Aim of the task = Transcribe the listing below word for word but skip its images.

Record set =

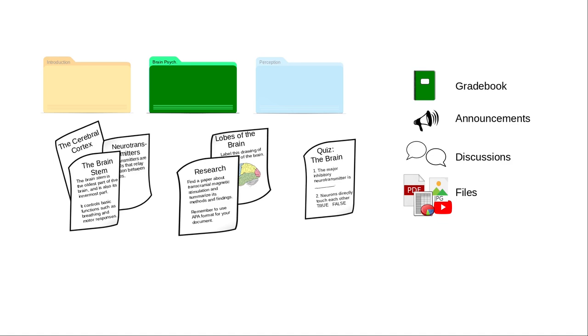And that's the overview of the structure of a Canvas course. In other videos, we'll go into Canvas and actually create a course that mirrors these structures.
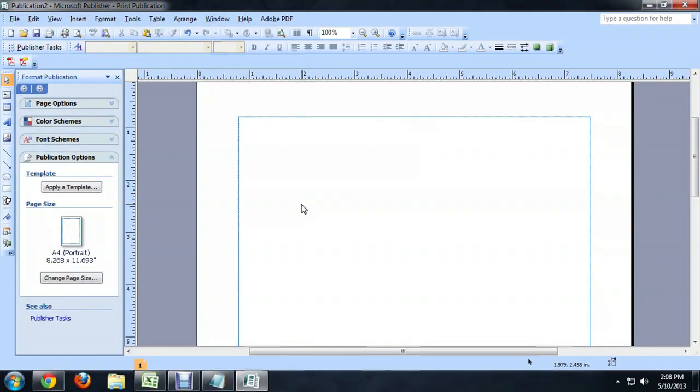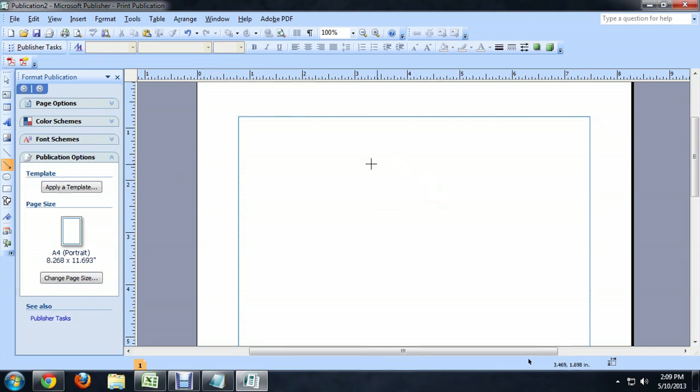So here I am inside of Publisher. I'm just going to make an arrow. Arrows are cool. So I'm going to make one pointing down at an angle so that it kind of looks like that icon there.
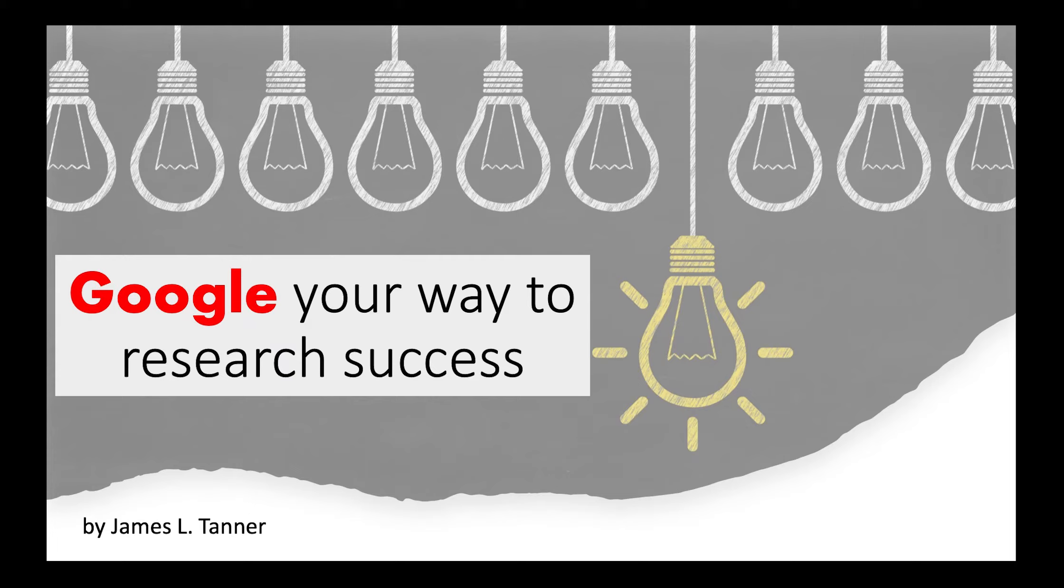Welcome to Google Your Way to Research Success. Before I get to Google, I need to talk about the research process.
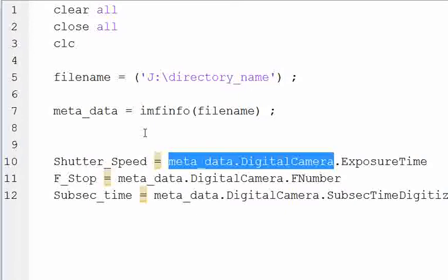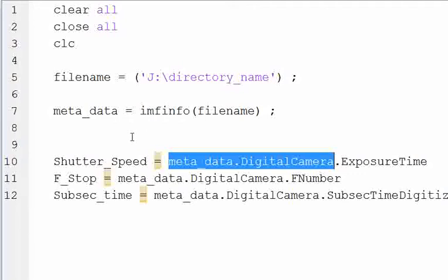The nice thing about MATLAB is if you want to know the information about a bunch of different pictures at once, you could put this bit of script into the script that I talked about in another video where you operate on all files in a folder, and then you could get the metadata information on all of the pictures in a folder at one time and compare and contrast or look at them however you want.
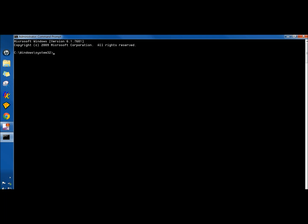In the command prompt, I'm going to type in SFC forward slash scan now, all one word. SFC stands for System File Checker. What this command will do is run a scan and replace any corrupted or missing files. I'm going to hit enter.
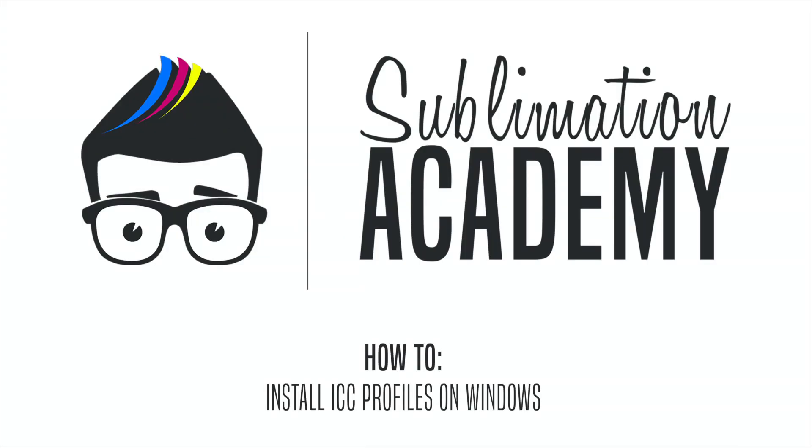Hello and welcome to the Inkexpert's Sublimation Academy. Today we'll be showing you how to install an ICC profile on a Windows operating system.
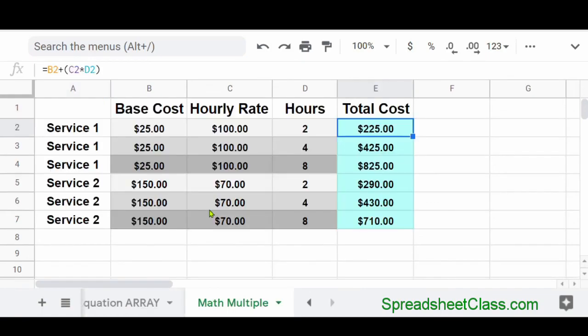So if you want to learn more about how to do math in Google Sheets, I've linked the article for this video below.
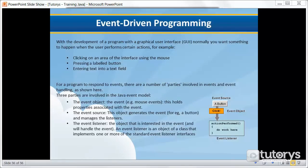In this tutorial video, we're going to be seeing what event-driven programming is in Java. Now, with the development of a program with a graphical user interface, normally you want something to happen when the user performs certain actions. For example, say you were to click on an area of the interface using the mouse, or you press a labelled button, or you enter text into a text field.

Task response =
And that's the overview of the structure of a Canvas course. In other videos, we'll go into Canvas and actually create a course that mirrors these structures.
So here I am inside of Publisher. I'm just going to make an arrow. Arrows are cool. So I'm going to make one pointing down at an angle so that it kind of looks like that icon there.
Welcome to Google Your Way to Research Success. Before I get to Google, I need to talk about the research process.
The nice thing about MATLAB is if you want to know the information about a bunch of different pictures at once, you could put this bit of script into the script that I talked about in another video where you operate on all files in a folder, and then you could get the metadata information on all of the pictures in a folder at one time and compare and contrast or look at them however you want.
In the command prompt, I'm going to type in SFC forward slash scan now, all one word. SFC stands for System File Checker. What this command will do is run a scan and replace any corrupted or missing files. I'm going to hit enter.
Hello and welcome to the Inkexpert's Sublimation Academy. Today we'll be showing you how to install an ICC profile on a Windows operating system.
So if you want to learn more about how to do math in Google Sheets, I've linked the article for this video below.
In this tutorial video, we're going to be seeing what event-driven programming is in Java. Now, with the development of a program with a graphical user interface, normally you want something to happen when the user performs certain actions. For example, say you were to click on an area of the interface using the mouse, or you press a labelled button, or you enter text into a text field.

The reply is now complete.